#### Work instructions
Using the listing below, set down exactly the lines starting at the line that contains "サッカーボールを追う少年" and ending at the line that contains "Postel nebo postele", both included, and no others.
(Beginning of Supplied records)
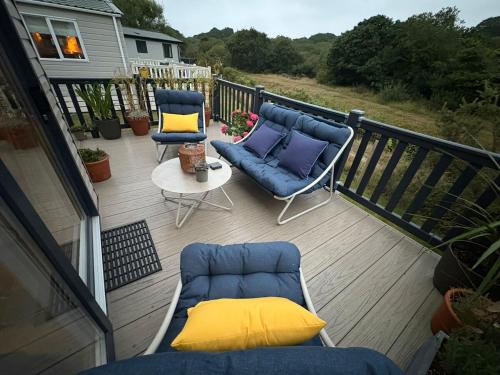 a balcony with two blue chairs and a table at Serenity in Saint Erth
(End of Supplied records)
(Beginning of Supplied records)
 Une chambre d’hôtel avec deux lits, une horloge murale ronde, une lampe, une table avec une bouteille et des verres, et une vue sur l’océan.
(End of Supplied records)
(Beginning of Supplied records)
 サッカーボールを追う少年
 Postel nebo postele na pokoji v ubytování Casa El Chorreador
(End of Supplied records)
#### The answer
 サッカーボールを追う少年
 Postel nebo postele na pokoji v ubytování Casa El Chorreador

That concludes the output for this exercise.